This is a beautifully written book of the highest production standards; classy dustjacket, rich paper, elegant design. No one could deny Mr Yeadon's affection for his Harris acquaintances and occasionally astute insights into their economic and sociological vulnerability. And he turns a lovely sentence.
I was nearing the end of my own 12-year residence on the island of Harris when David Yeadon asked if he could pop by for an interview in May 2004, in connection with the project.
As an author myself (NO GREAT MISCHIEF IF YOU FALL, etc.), I readily agreed. As a working journalist, though (at present, the Scottish Daily Mail), I'm still disturbed how he went about it. First, he turned up (without prior warning) with his wife. Mrs Yeadon is a clever and very worthwhile woman but the two of them deftly flanked me at my kitchen table as if they were CID and I were helping them with their inquiries. It was distinctly intimidating and things went erapidly downhill.
Readers of this book should know that, in the conduct of interviews (at least by my own experience) David Yeadon interrupts repeatedly, without pity and without mercy. Worse: he contradicts - contradicts ruthlessly, incessantly, in an incredibly grand Oxford common-room sort of way - and within ten minutes I found myself controlling my temper with mounting difficulty, especially as Mrs Yeadon stared at me throughout with the glassy eyes of the in-house psychiatrist at a particularly weighty job interview.
Any decent writer knows that you put an interviewee at ease; you don't interrupt; and, if an answer puzzles you, you ask more questions - you don't cackle insanely and ride into the attack.
By the time they left I felt drained and spent and, as I had been scarcely able to get a line in edgeways, wondered whatever material of profit he might have gathered for his book.
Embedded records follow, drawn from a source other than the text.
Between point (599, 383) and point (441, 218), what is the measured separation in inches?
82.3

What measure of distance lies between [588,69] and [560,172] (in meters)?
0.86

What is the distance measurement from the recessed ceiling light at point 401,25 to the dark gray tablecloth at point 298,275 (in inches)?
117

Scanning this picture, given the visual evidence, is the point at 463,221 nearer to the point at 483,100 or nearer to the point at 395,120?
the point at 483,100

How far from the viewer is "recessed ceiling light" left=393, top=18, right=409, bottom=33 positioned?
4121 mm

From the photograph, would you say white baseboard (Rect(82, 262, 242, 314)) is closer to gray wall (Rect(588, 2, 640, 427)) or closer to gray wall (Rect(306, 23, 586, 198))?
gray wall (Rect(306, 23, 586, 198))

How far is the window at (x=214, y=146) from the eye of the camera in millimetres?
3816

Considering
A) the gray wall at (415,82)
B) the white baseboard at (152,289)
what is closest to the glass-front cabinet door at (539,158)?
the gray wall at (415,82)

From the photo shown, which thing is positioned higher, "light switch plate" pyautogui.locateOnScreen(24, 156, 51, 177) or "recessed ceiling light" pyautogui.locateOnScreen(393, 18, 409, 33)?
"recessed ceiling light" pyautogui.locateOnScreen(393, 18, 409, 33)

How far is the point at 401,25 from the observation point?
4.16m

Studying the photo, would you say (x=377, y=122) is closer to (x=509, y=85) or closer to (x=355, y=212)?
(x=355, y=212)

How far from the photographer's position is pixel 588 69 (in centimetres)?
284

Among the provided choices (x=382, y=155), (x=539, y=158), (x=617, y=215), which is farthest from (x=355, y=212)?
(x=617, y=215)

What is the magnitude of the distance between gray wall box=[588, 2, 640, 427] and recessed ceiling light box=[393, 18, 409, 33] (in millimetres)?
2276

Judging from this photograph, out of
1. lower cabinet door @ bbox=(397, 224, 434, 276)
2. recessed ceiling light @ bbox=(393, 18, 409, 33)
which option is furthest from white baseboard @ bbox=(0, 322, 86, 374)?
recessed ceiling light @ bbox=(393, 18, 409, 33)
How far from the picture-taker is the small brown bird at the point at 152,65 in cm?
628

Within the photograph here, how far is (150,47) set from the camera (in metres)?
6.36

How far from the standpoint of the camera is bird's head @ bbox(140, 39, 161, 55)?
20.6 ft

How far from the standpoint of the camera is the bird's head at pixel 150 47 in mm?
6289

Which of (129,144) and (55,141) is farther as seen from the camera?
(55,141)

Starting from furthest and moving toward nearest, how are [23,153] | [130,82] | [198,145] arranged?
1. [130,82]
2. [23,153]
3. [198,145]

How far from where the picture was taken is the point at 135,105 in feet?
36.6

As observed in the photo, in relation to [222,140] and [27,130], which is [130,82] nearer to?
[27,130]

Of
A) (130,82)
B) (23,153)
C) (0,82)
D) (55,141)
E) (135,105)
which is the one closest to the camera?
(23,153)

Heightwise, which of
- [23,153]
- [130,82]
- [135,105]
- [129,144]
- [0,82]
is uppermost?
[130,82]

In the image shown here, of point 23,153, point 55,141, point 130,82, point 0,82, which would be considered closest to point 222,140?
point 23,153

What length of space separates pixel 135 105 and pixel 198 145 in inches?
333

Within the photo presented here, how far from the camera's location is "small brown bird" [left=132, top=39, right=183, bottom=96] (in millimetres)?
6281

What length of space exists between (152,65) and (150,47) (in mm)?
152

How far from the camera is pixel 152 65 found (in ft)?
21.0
I was rather relieved to find nothing of this interview, or any thumb-nail sketch of Wee-Free-Journalist-At-Bay, made it into Seasons on Harris. Indeed, there is one kind reference to me (in august company too) as an island author. And this new book about Harris has, as I said, its merits. But it is David Yeadon's book, it is coloured throughout by the limits of his knowledge, the profound tints of his prejudice and the MidAtlantic grandeur of her personality, and that particularly lets him down in all matters of religion - the Presbyterian faith to which most Harris people adhere being at once incomprehensible and distinctly offensive to him; while entirely and manifestly blind, as a writer, to the constraints of his prejudice.
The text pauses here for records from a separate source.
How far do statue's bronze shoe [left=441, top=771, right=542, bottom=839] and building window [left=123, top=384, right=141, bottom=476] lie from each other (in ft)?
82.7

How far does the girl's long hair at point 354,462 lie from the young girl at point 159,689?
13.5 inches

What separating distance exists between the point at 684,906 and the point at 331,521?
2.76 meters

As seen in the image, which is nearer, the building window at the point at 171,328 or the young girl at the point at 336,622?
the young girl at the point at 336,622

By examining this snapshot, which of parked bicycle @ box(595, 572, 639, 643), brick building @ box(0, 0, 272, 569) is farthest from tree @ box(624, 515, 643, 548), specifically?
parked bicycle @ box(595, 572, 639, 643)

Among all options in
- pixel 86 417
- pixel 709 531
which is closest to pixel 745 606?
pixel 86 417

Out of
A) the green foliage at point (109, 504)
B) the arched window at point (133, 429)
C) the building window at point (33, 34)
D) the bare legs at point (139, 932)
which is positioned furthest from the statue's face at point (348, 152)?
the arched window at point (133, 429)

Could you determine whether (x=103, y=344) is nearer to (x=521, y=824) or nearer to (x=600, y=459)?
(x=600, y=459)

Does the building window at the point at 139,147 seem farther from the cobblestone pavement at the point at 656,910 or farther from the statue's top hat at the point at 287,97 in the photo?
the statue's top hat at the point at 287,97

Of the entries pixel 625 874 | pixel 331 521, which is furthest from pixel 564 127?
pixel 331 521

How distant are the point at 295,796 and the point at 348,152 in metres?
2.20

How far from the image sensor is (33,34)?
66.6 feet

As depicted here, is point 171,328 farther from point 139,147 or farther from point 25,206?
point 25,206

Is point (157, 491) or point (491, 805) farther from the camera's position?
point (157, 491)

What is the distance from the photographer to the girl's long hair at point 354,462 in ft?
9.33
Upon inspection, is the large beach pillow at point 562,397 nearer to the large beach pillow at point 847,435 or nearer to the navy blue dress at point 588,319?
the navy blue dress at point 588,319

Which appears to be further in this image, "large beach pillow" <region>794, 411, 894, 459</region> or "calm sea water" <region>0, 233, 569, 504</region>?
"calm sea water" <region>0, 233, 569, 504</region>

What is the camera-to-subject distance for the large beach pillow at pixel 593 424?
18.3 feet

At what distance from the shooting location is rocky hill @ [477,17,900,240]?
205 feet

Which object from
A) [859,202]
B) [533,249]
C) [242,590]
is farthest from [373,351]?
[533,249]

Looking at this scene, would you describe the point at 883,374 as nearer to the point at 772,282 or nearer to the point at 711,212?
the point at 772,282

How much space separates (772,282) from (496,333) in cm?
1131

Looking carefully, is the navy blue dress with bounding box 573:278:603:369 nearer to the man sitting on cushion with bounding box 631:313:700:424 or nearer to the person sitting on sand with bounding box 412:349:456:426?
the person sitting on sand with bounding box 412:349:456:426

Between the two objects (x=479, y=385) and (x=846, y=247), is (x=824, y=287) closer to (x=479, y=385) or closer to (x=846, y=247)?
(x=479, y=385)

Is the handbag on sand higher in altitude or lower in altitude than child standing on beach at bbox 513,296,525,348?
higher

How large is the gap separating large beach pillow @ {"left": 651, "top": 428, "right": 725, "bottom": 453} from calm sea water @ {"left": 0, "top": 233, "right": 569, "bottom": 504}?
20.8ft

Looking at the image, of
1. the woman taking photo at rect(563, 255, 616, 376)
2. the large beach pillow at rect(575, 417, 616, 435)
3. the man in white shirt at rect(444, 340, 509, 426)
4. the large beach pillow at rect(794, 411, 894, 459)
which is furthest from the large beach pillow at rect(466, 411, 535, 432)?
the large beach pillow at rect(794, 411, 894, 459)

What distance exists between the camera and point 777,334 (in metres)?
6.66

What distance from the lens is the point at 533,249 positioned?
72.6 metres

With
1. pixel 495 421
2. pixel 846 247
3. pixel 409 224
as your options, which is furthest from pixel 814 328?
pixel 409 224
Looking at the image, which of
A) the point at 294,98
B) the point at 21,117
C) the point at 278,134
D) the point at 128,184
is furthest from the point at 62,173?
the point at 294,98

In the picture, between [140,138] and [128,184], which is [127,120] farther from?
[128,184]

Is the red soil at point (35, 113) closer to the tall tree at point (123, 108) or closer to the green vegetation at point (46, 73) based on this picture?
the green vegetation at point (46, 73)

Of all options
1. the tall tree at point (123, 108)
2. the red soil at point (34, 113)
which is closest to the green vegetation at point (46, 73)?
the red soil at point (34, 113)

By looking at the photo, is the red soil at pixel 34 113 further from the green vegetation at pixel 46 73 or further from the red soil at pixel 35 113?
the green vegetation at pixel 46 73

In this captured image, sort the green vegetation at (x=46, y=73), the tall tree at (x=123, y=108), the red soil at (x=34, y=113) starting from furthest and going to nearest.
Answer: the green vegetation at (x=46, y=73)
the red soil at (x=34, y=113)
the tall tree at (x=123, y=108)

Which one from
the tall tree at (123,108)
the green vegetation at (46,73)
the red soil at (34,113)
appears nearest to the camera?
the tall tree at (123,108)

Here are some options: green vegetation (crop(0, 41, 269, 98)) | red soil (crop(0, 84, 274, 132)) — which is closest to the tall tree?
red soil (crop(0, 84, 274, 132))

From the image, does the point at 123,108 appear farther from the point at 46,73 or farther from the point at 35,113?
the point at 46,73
He also has a tin ear with a dreadful weakness for writing in cod-phonetic "dialect" - Harris folk simply do not talk like this and no decent travel-writer has done this for many years, as the underlying assumption (my subjects have a quaint regional accent, worrthy of comment; I myself have no regional accent) is as risible as it is false. Mr Yeadon has in fact a splendid, booming English accent, somewhere between Victorian actor-manager and the much-loved Basil Brush.
The weakest section of this book is in fact a chapter describing one journey (by way of light relief) to the "Catholic South" of South Uist and Barra: anyone familiar with the genre of Hebridean travelogue (and I have shelfloads of the stuff) can only laugh, because it is so hopelessly unoriginal. Writers have been slagging off Hebridean Calvinism and exalting Hebridean Catholicism and fondly portraying all sorts of supposed, wondrous social and cultural advantages to the latter since Compton MacKenzie was bouncing in his cot. MacKenzie himself, of course; Sir Walter Scott; John Buchan; Ada Goodrich-Freer; F Fraser Darling; Derek Cooper; Lillian Beckwith - purr-LEASE.
Against that, his self-mocking account of a day out fishing for prawns on the MFV HARMONY is a splendid piece of prose, especially if you knew the 2004 crew whom he portrays perfectly, like my good friend Duncan from Luskentyre.
This is by no means a bad book; David Yeadon, outwith his confrontational interviewing mode, is a most affable man, and it's a jolly read. But the purchaser will not learn nearly as much about the Isle of Harris as he will about the jolly-hockeysticks David Yeadon.